La facture des importations de pétrole et de gaz s’élève chaque année à 400 milliards d’euros, dont 140 milliards au bénéfice de la seule Russie. La crise ukrainienne a rendu cette question de la dépendance énergétique de l’Europe beaucoup plus sensible. Bruxelles a ainsi calculé que réaliser 1 % d’économie d’énergie permettrait de réduire de 2,6 % les importations de gaz, et l’objectif de 30 % de baisser cette facture de 53 milliards d’euros.
Délicat équilibre à trouver d’ici à vendredi
Dilemme : « Les économies d’énergie que l’Europe peut réaliser le plus facilement se trouvent dans les pays les moins riches. Il faut donc trouver un mécanisme de solidarité qui satisfasse tout le monde », résume Mme Hedegaard. C’est ce délicat équilibre qu’il s’agit de finaliser d’ici à vendredi. Pour les aider à financer leur transition énergétique, les pays les plus pauvres devraient percevoir 10 % du revenu des quotas de CO2 mis aux enchères dans le cadre du marché carbone européen. Un fonds de modernisation, alimenté par 2 % des quotas, semble également acquis, mais il restait encore à clarifier le niveau de revenus par habitant à partir duquel ce fonds serait accessible – 60 %, 75 %, 90 % de la moyenne européenne ?

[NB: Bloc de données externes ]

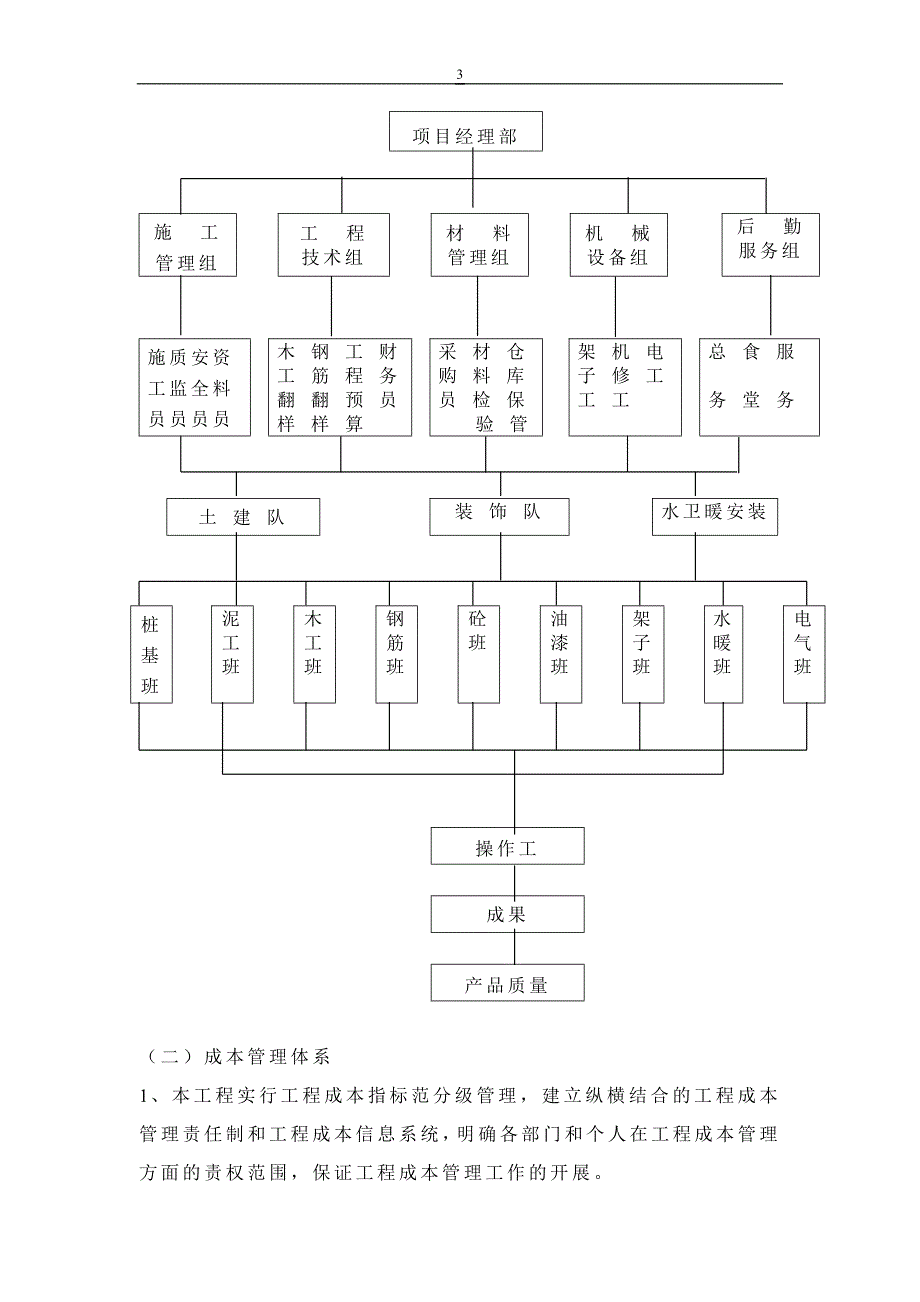 飞球施工组织设计_第3页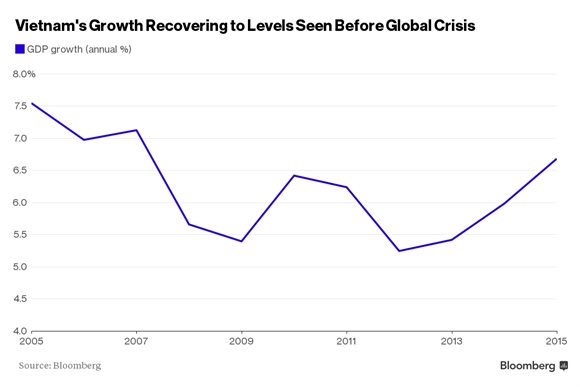 Bloomberg: Kinh te Viet Nam tiep tuc la diem sang trong nam 2016-2017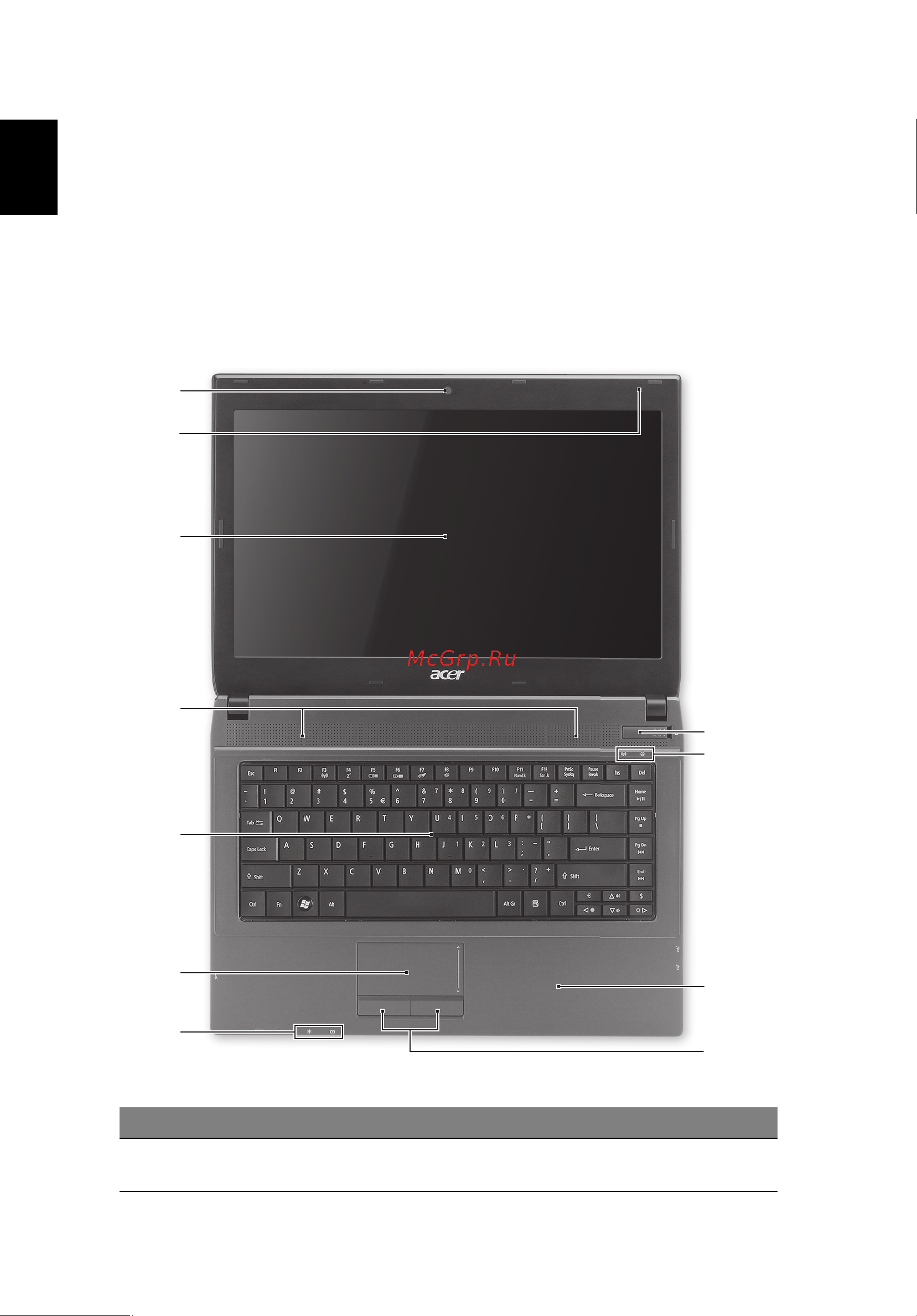 Acer TRAVELMATE 4740 [250/316] Acer dizüstü bilgisayarınızda bir gezinti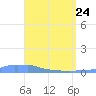 Mona Island tide chart for Friday, April 24, 2026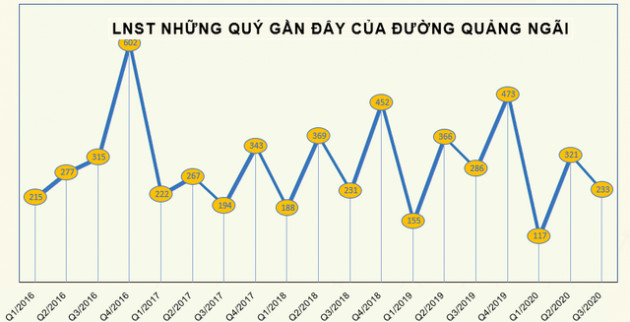 Đường Quảng Ngãi (QNS) ước lãi 1.037 tỷ đồng năm 2020, mục tiêu lãi sau thuế 913 tỷ đồng trong năm 2021 - Ảnh 1.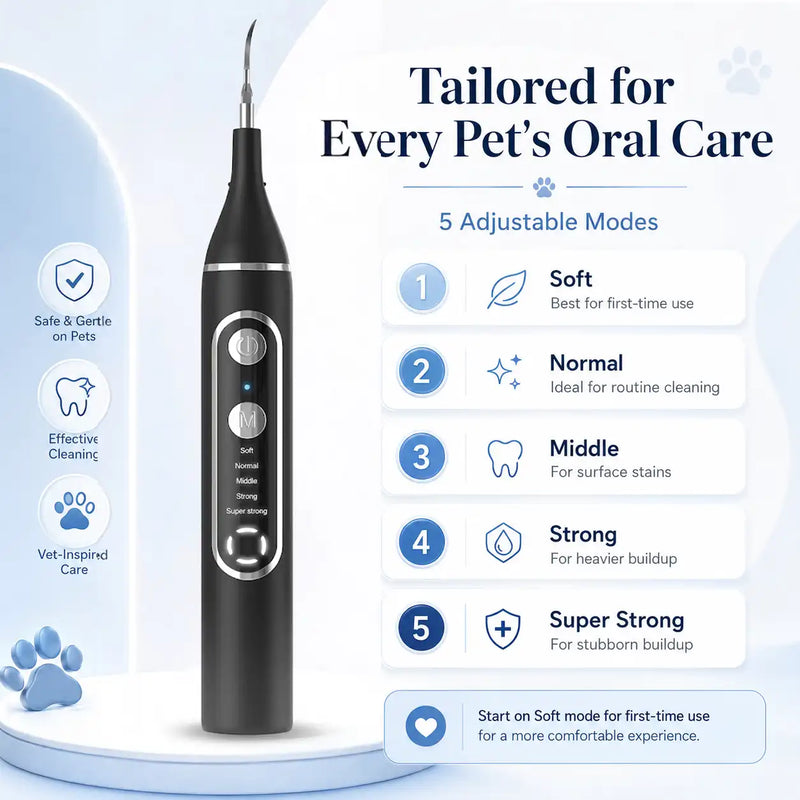 Vtiisamao Complete Pet Dental Care Kit — At-Home Tartar Remover for Dogs & Cats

L’option la plus généreuse permettrait à des pays du sud de l’Europe comme la Grèce d’en bénéficier. Les pays riches qui seront mis à contribution réclament toutefois un contrôle plus strict de l’utilisation des fonds. La Pologne, qui, au cours des dernières années, a largement bénéficié des transferts financiers au titre de la politique climatique, ne s’est, par exemple, pas attaquée à la réforme de son écrasant secteur du charbon qui continue à fournir 80 % de son électricité. Quelle que soit la recette finale sur laquelle les Vingt-Huit pourraient se mettre d’accord, elle ne permettra pas à chacun de repartir avec une feuille de route précise. Le partage exact du fardeau, notamment sur les secteurs non couverts par le marché carbone, fera l’objet de discussions ultérieures.